Thursday, December 7, 2017

December update...

Our original Fall semester plan was to have off from school for a little in October. Neal and I had plans to go to Disneyland for our 20th wedding anniversary. I  took a week hoarded from working through the summer so the boys would have off from school. 


Then Aunt Jo and Uncle Brendan surprised us with a visit.  We had a phenomenal time touring with them during the end of October and the first half of November!  Here are a few pictures from our travels for now -- I'll share more details about what we did on our trip in the coming weeks.



We did sneak a little learning in.  Aunt Jo and Uncle Brendan each became Junior Rangers with us when we visited the National Parks, and Matthew got an aircraft pop quiz at the Smithsonian Air and Space Museum. 

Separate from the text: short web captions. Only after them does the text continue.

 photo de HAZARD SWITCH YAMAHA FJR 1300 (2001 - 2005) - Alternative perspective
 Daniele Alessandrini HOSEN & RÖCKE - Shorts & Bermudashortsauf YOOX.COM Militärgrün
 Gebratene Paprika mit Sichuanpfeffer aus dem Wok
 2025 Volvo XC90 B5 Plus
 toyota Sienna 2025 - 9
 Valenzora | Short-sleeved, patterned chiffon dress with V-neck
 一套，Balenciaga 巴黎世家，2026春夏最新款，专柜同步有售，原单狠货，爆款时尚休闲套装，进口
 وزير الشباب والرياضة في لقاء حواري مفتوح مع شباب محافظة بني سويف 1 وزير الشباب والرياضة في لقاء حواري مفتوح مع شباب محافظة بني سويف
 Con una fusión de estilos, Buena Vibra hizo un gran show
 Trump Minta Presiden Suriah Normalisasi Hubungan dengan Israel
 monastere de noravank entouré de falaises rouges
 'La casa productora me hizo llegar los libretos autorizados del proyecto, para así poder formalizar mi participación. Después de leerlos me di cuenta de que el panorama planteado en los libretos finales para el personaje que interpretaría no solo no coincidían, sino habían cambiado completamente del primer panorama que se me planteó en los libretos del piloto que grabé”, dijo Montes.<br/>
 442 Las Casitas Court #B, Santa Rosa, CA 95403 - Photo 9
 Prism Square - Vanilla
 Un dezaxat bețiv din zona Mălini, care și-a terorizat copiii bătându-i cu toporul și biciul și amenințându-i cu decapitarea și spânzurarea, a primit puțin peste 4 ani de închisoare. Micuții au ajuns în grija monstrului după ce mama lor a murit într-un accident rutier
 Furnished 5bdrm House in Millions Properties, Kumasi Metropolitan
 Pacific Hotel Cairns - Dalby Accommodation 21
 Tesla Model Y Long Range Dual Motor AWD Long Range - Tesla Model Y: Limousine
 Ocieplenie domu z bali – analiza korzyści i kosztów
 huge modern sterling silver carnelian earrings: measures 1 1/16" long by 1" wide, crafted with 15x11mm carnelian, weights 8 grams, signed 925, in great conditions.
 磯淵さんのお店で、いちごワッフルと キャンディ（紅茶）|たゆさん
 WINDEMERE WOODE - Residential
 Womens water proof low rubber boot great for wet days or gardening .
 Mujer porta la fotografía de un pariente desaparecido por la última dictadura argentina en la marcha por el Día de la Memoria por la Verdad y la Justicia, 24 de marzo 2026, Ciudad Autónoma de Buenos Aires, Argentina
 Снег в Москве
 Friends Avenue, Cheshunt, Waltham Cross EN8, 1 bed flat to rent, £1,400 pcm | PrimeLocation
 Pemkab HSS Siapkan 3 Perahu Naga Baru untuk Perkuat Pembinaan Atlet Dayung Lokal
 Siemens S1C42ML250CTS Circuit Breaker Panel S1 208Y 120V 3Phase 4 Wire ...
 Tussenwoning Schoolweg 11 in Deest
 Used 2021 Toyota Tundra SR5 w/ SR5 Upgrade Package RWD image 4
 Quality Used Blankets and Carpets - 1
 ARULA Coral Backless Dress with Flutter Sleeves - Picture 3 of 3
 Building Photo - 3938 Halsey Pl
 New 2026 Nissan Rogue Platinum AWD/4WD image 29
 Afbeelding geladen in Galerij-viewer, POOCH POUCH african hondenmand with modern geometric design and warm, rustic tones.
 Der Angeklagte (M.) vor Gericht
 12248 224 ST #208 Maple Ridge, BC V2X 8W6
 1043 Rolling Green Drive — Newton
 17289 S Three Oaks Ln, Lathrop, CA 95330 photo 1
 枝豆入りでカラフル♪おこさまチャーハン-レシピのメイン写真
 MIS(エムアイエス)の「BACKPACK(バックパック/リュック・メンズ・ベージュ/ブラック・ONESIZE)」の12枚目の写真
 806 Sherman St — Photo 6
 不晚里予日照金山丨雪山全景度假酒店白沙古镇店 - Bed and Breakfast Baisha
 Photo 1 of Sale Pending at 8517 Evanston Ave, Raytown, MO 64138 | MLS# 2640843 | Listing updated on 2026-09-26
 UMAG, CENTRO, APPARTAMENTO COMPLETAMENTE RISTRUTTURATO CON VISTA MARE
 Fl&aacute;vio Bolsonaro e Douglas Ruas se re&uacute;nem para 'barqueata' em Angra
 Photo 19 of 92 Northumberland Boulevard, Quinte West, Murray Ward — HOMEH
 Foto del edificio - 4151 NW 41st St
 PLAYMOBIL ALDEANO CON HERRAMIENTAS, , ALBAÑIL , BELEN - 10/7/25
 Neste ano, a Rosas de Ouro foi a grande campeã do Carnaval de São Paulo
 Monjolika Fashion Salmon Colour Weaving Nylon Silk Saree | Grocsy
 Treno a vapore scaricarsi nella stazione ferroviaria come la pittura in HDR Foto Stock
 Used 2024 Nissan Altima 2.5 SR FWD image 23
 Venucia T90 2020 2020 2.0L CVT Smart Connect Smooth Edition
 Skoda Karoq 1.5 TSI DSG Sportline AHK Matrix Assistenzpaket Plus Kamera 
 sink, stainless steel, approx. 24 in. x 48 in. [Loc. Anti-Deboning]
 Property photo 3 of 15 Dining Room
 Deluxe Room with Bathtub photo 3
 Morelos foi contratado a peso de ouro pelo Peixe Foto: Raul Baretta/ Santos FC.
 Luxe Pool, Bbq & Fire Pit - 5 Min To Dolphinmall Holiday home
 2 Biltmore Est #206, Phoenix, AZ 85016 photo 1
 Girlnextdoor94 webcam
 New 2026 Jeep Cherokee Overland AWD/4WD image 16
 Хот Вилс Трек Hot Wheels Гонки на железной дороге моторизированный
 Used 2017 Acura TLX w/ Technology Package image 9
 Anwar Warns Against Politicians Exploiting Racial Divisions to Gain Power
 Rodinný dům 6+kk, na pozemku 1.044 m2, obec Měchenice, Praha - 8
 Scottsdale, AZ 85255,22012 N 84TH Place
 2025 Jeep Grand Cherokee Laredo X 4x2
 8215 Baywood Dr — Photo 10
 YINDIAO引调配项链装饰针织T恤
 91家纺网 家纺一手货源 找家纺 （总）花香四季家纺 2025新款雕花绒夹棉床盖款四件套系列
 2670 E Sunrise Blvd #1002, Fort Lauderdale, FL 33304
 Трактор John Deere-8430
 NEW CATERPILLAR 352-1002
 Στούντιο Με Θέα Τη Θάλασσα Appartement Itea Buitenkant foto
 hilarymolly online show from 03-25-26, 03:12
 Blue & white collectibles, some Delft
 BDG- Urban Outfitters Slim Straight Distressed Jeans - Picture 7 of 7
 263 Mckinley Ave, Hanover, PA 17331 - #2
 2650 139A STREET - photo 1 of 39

Once we said goodbye, we had two weeks of daily appointments, with Thanksgiving sandwiched in there.   Now that we are finally back to a somewhat calm schedule where we can get some work accomplished, we're careening into Christmas.  For now, we're working on tying up loose ends. 

In the middle of it all, Matthew tested at Karate and has advanced to a purple belt.  Celia also had her fall concert with the Rowan Youth String Orchestra, where she was the first chair violin.



Luke is nearly done his first semester of college.  There were a few moments of panic trying to meet a deadline (what's college without a couple of almost all-nighters), but he made it to the post office with nearly an hour to spare! He's got a blog post percolating in his head about surviving the first semester; he plans to share that before the Spring semester begins. 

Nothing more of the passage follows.